Waves (1988) by Fred Lerdahl (b. 1943).
Symphony No. 39 in E-flat major, K. 543 (1788) by Mozart.

The concert began with the Orchestra’s executive director speaking of the recent Japanese tragedies (earthquake, tsunami, and nuclear plants) and vowing to do the best to get the orchestra to Japan in 2012 as planned (including Sendai). The orchestra then played as a tribute Faure’s Pavanne. The audience applauded afterwards which I thought was slightly inappropriate. On the other hand, there was some awkwardness that needed to be broken up, and applauding perhaps was one way of doing it.

The Program Notes says that Roussel was a contemporary of Debussy and Ravel, but not nearly as well-known.
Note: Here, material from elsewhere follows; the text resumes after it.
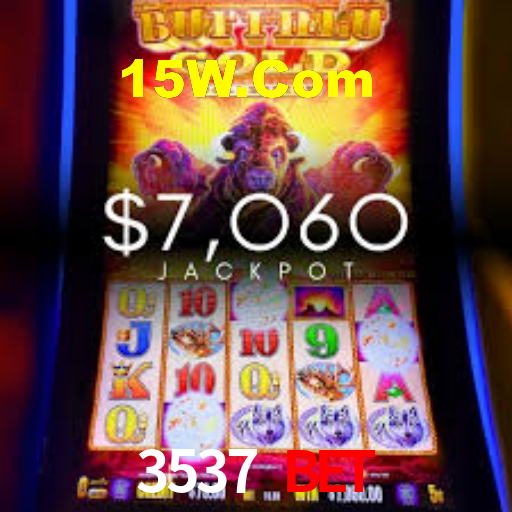 3537 Bet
This concerto for small orchestra represents Roussel’s later work and his “mature sound.” For me it also explains why his work is not played that often, since it definitely failed to grab me in any way, except it is thankfully short at about 12 minutes. The three movements are described by the annotator as (i) “rambunctious” Allegro; (ii) “central” Andante; and (iii) “concluding” Presto (well, there is more to the description).

Neither of the two Mozart pieces is considered to be among most popular of the composer's oeuvre (hey, I got to use this word, even though I had to murder the sentence). The piano concerto was composed by Mozart when he was very popular. He finished the Piano Concerto the day before the performance. The Program Notes talks about a subscription series with 151 patrons – evidently you didn’t need a huge audience to make it as a performer/composer during those times. I do not know the nuances of piano performance to distinguish a good one from an exquisite one, so I can just say I found this quite enjoyable. The lines were crisp, the dynamics were fluid, and the interplay between soloist and orchestra was good. The movements are (i) Allegro; (ii) Romanze; and (iii) Rondo: Allegro assai. Someone’s cell phone rang just as the soloist was about to launch into a cadenza; I guess these incidents can’t be helped. If the biography is any guide, Buchbinder is an impressively-credentialed artist.

The symphony was written three years later as a group of three (39, 40, 41). Mozart had fallen on hard times by then. Music historians think he was trying to drum up some business with these compositions, and sadly may not have heard them before he died. I do not find the performance of this Symphony particularly noteworthy, though. The four movements are (i) Adagio - Allegro; (ii) Andante con moto; (iii) Menuetto: Allegretto; and (iv) Finale: Allegro.

After the intermission, a WQXR DJ (forget her name) came on stage and had a short discussion with Lerdahl and violist Nardo Roy about the next piece “Waves.” It probably wasn’t rehearsed before hand; it certainly sounded that way. Two take-aways: waves refer to musical energy, and Roy finds the music to be complex at many levels.

This piece was written 20-plus years ago for three chamber orchestras, including the Orpheus. The orchestra first played it in 1989, a year after it was composed. And that was the last time it played the piece. Unless there are other connections, to say there is a history between the composer and the orchestra is stretching it a bit. What I am curious about is when the orchestra will play it next: another 20 or so years later?

As with the last Orpheus concert I went to, my impression of the orchestra is just so-so. It actually makes me wonder if Carnegie Hall is as acoustically perfect as it is said to be. Nonetheless, I renewed my subscription for the next season. At $25 a ticket it is not a tough decision to make.